YOUR OBJECTIVE> The records that follow are to be reproduced verbatim.

───── ENTRIES PROVIDED ─────

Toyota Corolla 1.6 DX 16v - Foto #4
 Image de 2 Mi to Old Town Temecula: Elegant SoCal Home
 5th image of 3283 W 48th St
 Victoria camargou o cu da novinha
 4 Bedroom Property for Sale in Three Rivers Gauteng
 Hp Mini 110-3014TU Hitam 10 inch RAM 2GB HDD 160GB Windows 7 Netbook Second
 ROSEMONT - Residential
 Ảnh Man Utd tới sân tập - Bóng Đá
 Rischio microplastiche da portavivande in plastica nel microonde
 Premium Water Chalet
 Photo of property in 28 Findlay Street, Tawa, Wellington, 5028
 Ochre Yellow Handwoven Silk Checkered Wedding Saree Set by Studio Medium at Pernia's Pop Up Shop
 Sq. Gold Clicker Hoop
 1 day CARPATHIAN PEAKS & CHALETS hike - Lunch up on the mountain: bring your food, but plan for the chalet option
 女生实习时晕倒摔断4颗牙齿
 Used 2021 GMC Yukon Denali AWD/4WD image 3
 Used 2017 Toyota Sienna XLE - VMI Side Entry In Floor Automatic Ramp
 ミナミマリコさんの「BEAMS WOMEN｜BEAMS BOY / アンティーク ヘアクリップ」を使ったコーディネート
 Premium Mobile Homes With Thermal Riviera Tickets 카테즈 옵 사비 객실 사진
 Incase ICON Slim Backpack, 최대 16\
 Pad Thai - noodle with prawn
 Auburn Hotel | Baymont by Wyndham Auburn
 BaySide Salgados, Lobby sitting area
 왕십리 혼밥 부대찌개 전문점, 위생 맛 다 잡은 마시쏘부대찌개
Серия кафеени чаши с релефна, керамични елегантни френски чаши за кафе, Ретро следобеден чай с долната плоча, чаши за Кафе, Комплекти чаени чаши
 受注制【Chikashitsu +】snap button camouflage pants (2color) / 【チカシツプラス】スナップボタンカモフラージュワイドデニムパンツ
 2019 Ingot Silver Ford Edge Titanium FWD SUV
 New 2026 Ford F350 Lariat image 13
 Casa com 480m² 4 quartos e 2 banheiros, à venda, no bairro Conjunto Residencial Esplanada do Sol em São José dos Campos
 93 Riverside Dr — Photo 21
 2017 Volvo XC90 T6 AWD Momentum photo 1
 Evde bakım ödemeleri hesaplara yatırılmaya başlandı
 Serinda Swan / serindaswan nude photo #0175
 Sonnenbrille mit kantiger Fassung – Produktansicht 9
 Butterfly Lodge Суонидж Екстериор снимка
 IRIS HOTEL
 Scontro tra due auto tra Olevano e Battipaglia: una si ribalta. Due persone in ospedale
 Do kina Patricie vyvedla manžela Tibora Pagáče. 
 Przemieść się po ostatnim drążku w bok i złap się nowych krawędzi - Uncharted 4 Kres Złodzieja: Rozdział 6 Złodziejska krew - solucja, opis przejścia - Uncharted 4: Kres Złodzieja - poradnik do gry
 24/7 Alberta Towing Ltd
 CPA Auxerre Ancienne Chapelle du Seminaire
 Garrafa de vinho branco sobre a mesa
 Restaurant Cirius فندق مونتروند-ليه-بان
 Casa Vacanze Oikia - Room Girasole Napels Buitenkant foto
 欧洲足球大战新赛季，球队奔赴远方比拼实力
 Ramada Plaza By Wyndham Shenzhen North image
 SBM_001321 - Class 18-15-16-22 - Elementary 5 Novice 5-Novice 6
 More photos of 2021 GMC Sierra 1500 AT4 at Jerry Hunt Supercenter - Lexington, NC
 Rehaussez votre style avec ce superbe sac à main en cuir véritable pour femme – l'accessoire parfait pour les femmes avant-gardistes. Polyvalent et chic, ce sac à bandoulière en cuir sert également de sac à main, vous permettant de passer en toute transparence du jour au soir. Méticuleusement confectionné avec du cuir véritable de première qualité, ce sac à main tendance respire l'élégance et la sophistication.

─────

SOLUTION>
Toyota Corolla 1.6 DX 16v - Foto #4
 Image de 2 Mi to Old Town Temecula: Elegant SoCal Home
 5th image of 3283 W 48th St
 Victoria camargou o cu da novinha
 4 Bedroom Property for Sale in Three Rivers Gauteng
 Hp Mini 110-3014TU Hitam 10 inch RAM 2GB HDD 160GB Windows 7 Netbook Second
 ROSEMONT - Residential
 Ảnh Man Utd tới sân tập - Bóng Đá
 Rischio microplastiche da portavivande in plastica nel microonde
 Premium Water Chalet
 Photo of property in 28 Findlay Street, Tawa, Wellington, 5028
 Ochre Yellow Handwoven Silk Checkered Wedding Saree Set by Studio Medium at Pernia's Pop Up Shop
 Sq. Gold Clicker Hoop
 1 day CARPATHIAN PEAKS & CHALETS hike - Lunch up on the mountain: bring your food, but plan for the chalet option
 女生实习时晕倒摔断4颗牙齿
 Used 2021 GMC Yukon Denali AWD/4WD image 3
 Used 2017 Toyota Sienna XLE - VMI Side Entry In Floor Automatic Ramp
 ミナミマリコさんの「BEAMS WOMEN｜BEAMS BOY / アンティーク ヘアクリップ」を使ったコーディネート
 Premium Mobile Homes With Thermal Riviera Tickets 카테즈 옵 사비 객실 사진
 Incase ICON Slim Backpack, 최대 16\
 Pad Thai - noodle with prawn
 Auburn Hotel | Baymont by Wyndham Auburn
 BaySide Salgados, Lobby sitting area
 왕십리 혼밥 부대찌개 전문점, 위생 맛 다 잡은 마시쏘부대찌개
Серия кафеени чаши с релефна, керамични елегантни френски чаши за кафе, Ретро следобеден чай с долната плоча, чаши за Кафе, Комплекти чаени чаши
 受注制【Chikashitsu +】snap button camouflage pants (2color) / 【チカシツプラス】スナップボタンカモフラージュワイドデニムパンツ
 2019 Ingot Silver Ford Edge Titanium FWD SUV
 New 2026 Ford F350 Lariat image 13
 Casa com 480m² 4 quartos e 2 banheiros, à venda, no bairro Conjunto Residencial Esplanada do Sol em São José dos Campos
 93 Riverside Dr — Photo 21
 2017 Volvo XC90 T6 AWD Momentum photo 1
 Evde bakım ödemeleri hesaplara yatırılmaya başlandı
 Serinda Swan / serindaswan nude photo #0175
 Sonnenbrille mit kantiger Fassung – Produktansicht 9
 Butterfly Lodge Суонидж Екстериор снимка
 IRIS HOTEL
 Scontro tra due auto tra Olevano e Battipaglia: una si ribalta. Due persone in ospedale
 Do kina Patricie vyvedla manžela Tibora Pagáče. 
 Przemieść się po ostatnim drążku w bok i złap się nowych krawędzi - Uncharted 4 Kres Złodzieja: Rozdział 6 Złodziejska krew - solucja, opis przejścia - Uncharted 4: Kres Złodzieja - poradnik do gry
 24/7 Alberta Towing Ltd
 CPA Auxerre Ancienne Chapelle du Seminaire
 Garrafa de vinho branco sobre a mesa
 Restaurant Cirius فندق مونتروند-ليه-بان
 Casa Vacanze Oikia - Room Girasole Napels Buitenkant foto
 欧洲足球大战新赛季，球队奔赴远方比拼实力
 Ramada Plaza By Wyndham Shenzhen North image
 SBM_001321 - Class 18-15-16-22 - Elementary 5 Novice 5-Novice 6
 More photos of 2021 GMC Sierra 1500 AT4 at Jerry Hunt Supercenter - Lexington, NC
 Rehaussez votre style avec ce superbe sac à main en cuir véritable pour femme – l'accessoire parfait pour les femmes avant-gardistes. Polyvalent et chic, ce sac à bandoulière en cuir sert également de sac à main, vous permettant de passer en toute transparence du jour au soir. Méticuleusement confectionné avec du cuir véritable de première qualité, ce sac à main tendance respire l'élégance et la sophistication.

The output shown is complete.